Some of the premises discussed below are related but have different policy implications.2 Others may depend on the specific stage in which countries find themselves in the war-to-peace transition. But ignoring these premises has often led to misguided policies, misplaced priorities and wasted aid, which have been directly associated with setbacks and even to the collapse of the peace process in many countries.

This, of course, does not mean that all premises should apply to all situations at all times. Common sense is of utmost importance in applying them. The more informed and the better different stakeholders understand the country, its people, its culture, its security, its politics, its economy, and its idiosyncrasies, the more appropriate for the context the strategy for economic reconstruction will be and the longer peace is likely to last.

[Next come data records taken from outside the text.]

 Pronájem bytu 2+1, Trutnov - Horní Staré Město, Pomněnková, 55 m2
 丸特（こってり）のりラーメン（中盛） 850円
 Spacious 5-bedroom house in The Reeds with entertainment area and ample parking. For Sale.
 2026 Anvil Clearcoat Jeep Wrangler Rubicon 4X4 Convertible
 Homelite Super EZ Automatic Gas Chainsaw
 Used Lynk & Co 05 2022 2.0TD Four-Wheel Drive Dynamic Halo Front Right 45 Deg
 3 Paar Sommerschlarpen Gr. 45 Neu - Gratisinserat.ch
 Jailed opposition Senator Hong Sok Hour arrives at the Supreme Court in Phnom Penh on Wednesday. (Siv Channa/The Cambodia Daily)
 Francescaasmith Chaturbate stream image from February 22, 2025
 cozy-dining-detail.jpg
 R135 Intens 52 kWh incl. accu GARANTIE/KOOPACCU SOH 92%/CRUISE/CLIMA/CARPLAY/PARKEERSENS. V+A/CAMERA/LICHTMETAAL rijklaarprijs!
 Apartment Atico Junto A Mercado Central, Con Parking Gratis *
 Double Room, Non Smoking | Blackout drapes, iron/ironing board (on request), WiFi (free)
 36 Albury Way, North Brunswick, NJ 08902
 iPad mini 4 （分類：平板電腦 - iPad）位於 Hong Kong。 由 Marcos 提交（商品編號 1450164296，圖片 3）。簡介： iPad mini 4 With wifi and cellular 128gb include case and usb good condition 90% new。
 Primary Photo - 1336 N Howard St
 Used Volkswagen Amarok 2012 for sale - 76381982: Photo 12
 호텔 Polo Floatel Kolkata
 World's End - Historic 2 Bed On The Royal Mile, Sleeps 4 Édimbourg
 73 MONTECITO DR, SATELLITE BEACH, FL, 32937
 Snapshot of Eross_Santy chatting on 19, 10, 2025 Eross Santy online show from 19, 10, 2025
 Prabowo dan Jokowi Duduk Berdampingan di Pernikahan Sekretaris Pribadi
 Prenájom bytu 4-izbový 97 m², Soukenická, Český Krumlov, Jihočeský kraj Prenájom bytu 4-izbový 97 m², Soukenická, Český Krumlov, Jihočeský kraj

Failure at effectively addressing the economics of conflict resolution during peace negotiations, as has often been the case in the past, and the economics of peace during the post-conflict phase continue to be major obstacles to peacebuilding. Peace mediators and special/executive representatives of the secretary-general heading multidisciplinary operations in countries transitioning to peace must have the right kind of expertise to ensure that proper consideration is given to the following premises.

Basic premises

Premise 1: Economic reconstruction is not development as usual

For countries undergoing the multidisciplinary war-to-peace transition, the overarching goal of economic reconstruction – or the economics of peace – must be to promote stability and to avoid a relapse into conflict. Thus, in addition to the normal challenge of socioeconomic development, countries must accommodate the extra burden of economic rehabilitation of dilapidated infrastructure and services and the critical challenge of national reconciliation following civil wars.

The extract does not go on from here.